**Directions for this task:** Wherever the word "standing" appears in a line below, that line counts; report the total number of such lines only.

*** Opening of Dataset content ***

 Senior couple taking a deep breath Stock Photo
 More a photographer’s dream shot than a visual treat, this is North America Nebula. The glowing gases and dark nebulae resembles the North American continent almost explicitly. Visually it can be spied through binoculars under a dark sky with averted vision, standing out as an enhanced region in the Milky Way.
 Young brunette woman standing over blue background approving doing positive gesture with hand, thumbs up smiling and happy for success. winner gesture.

*** Close of Dataset content ***
*** Opening of Dataset content ***

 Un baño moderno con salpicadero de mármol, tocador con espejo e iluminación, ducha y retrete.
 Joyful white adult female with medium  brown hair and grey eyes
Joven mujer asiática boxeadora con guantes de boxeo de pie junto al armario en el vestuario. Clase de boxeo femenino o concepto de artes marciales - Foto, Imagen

*** Close of Dataset content ***

**Written reply:** 2